Introduction

Tversky’s (1972) finding that choices between two options are affected by the introduction of a third option challenged classical utility models of decision-making (e.g., Luce, 1959; von Neumann & Morgenstern, 1944), which assume that the relative choice probabilities of options in a choice set are not influenced by the presence of additional options. Context effects contradict this claim by showing that the relative preference for two options can depend not only on their relative utilities but also on the utilities of other options in the choice set.

Imagine you are undecided between two cell phones: a slim but structurally fragile phone (A) and a bulkier but robust phone (B). Utility models predict that you should still be indifferent to A and B even if a third phone (C) is introduced. However, if C is chosen so that it is similar to A and equally desirable (e.g., slightly bulkier but slightly more robust) then its presence can enhance the probability of choosing B relative to A. This is a violation of a core property of utility models known as simple scalability and is an example of the similarity effect (Tversky, 1972).

More generally, context effects occur when the relative choice probabilities of two options are influenced by their context, that is, their value relative to other options in the choice set. Aside from the similarity effect, two other context effects have gained prominence in the literature. If phone D (similar but inferior to A; e.g., Fig. 1b) is introduced to choice set {A, B}, observers are more likely to choose A over B (attraction effect; Huber, Payne, & Puto, 1982). If an equally desirable but more extreme phone E (e.g., Fig. 1c) is introduced to choice set {A, B} such that A is an intermediate option between B and E, observers now choose A more than B (compromise effect; Simonson, 1989).

Fig. 1
figure 1

Configurations of stimuli values used in Experiments 1 and 2 for the (a) similarity effect, (b) attraction effect, and (c) compromise effect. Discontinuous gray lines represent lines of indifference. Letters next to the options correspond to the examples detailed in the introduction. Experiment 1 used all 13 configurations, with the absolute positions of each option representing a particular mean eyewitness confidence value. Experiment 2 used only the six configurations within the discontinuous box. Unlike in Experiment 1, these stimuli were not dependent on specific mean values (i.e., only their relative differences were relevant). See Sections B and F of the Supplemental Material for more details on stimuli generation for both experiments

Typically, context effects have been studied by averaging choice probabilities across all participants (Trueblood, 2012; Trueblood, Brown, & Heathcote, 2014; Trueblood, Brown, Heathcote, & Busemeyer, 2013; Tversky, 1972). This is based on the (often implicit) assumption that all participants make similar choices and that any significant variation is due to random noise as opposed to systematic differences between participants. However, such an assumption is not necessarily valid (Estes & Maddox, 2005; Navarro, Griffiths, Steyvers, & Lee, 2006).
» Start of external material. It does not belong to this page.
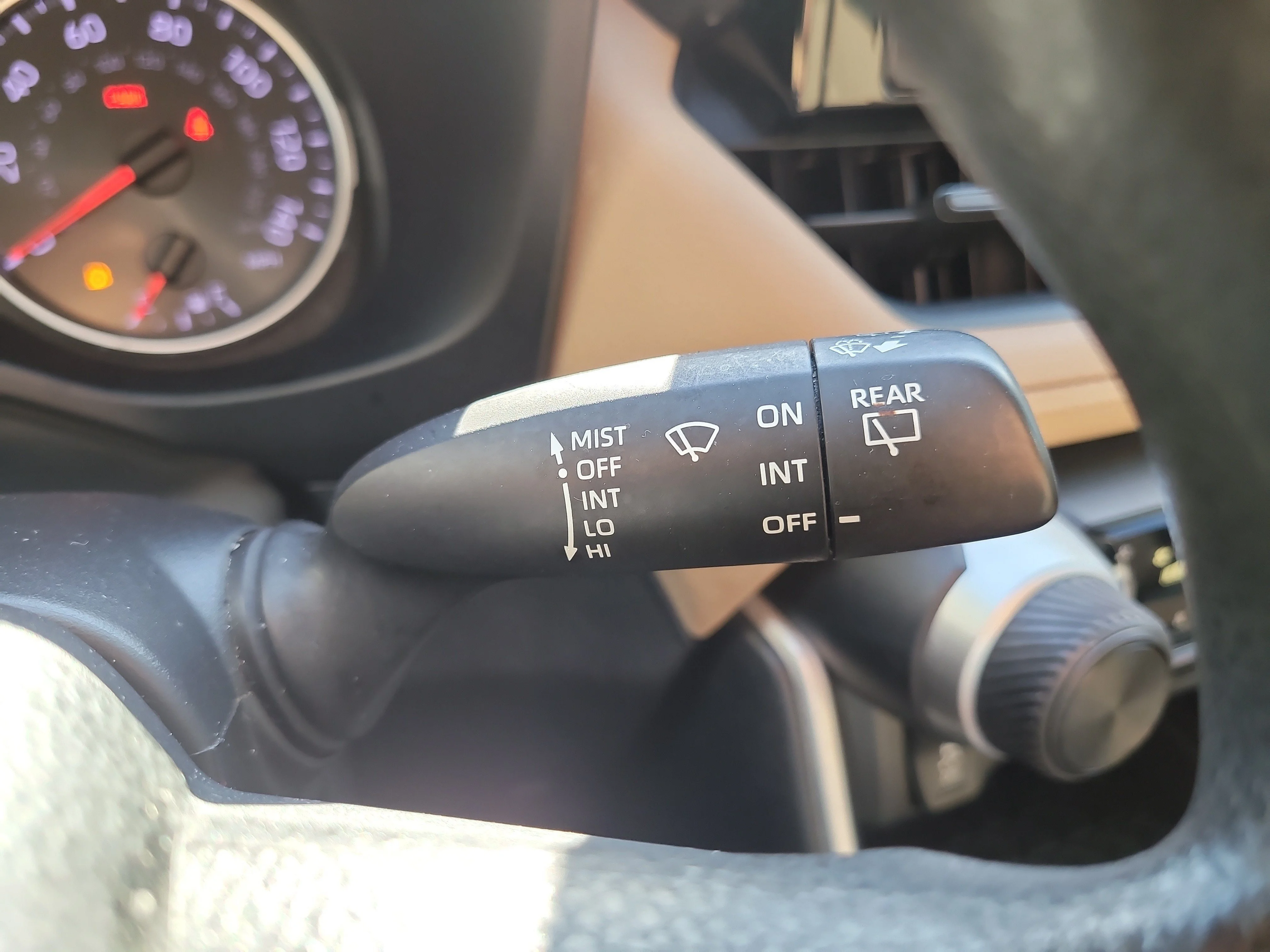 Used 2020 Pearl Toyota LE image 29
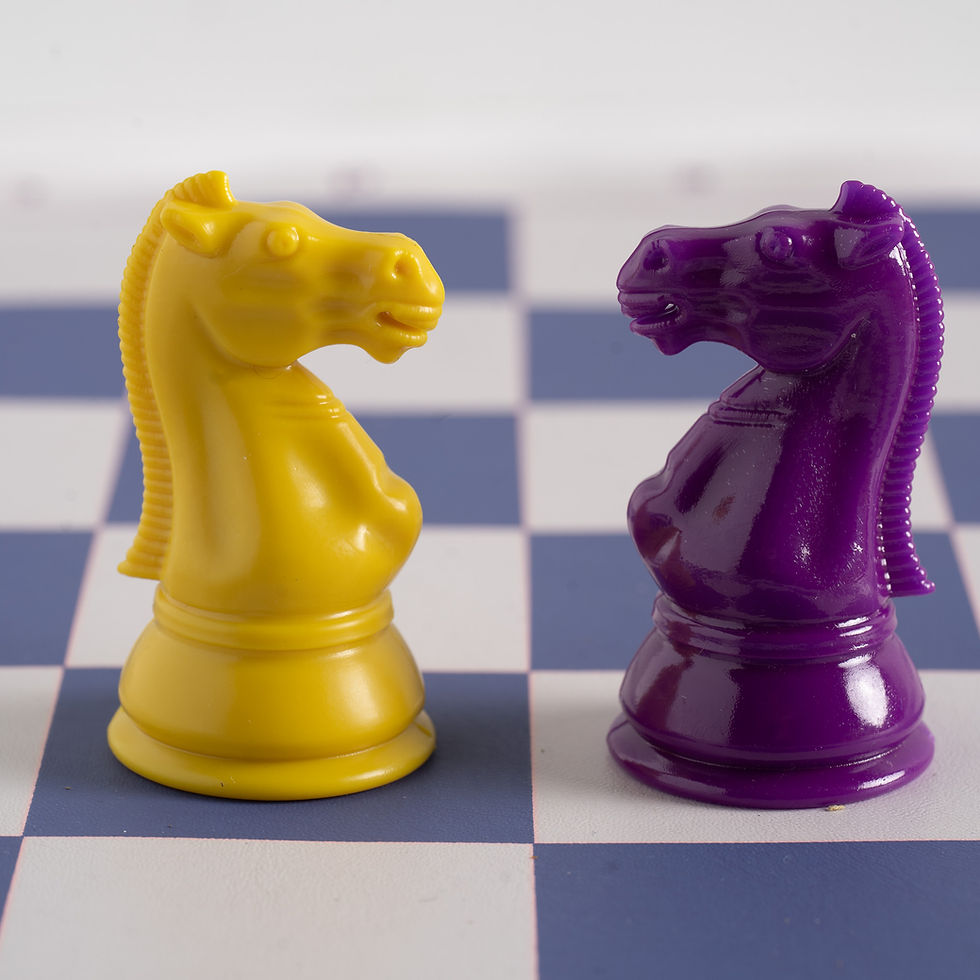 Miniatura: Set de Ajedrez Profesional Magnus Morado con Amarillo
To our knowledge, only one context effect study has explicitly investigated individual differences (Kazinka, Enkavi, Vo, & Kable, 2014). In that study, a minority of participants showed a large attraction effect, whereas the remainder of participants showed no effect. Additional indications of individual differences are seen in Trueblood and colleagues (2014), where only a minority of participants (11 %) showed all three effects, while 46 % of them demonstrated two out of three effects. A number of other context effect studies have also presented individual-level data (see Trueblood, 2012; Trueblood et al., 2013; Tversky, 1972). However, in all these studies inferences were ultimately made through averaging results across all participants. If there are systematic differences between individuals, this approach is potentially misleading.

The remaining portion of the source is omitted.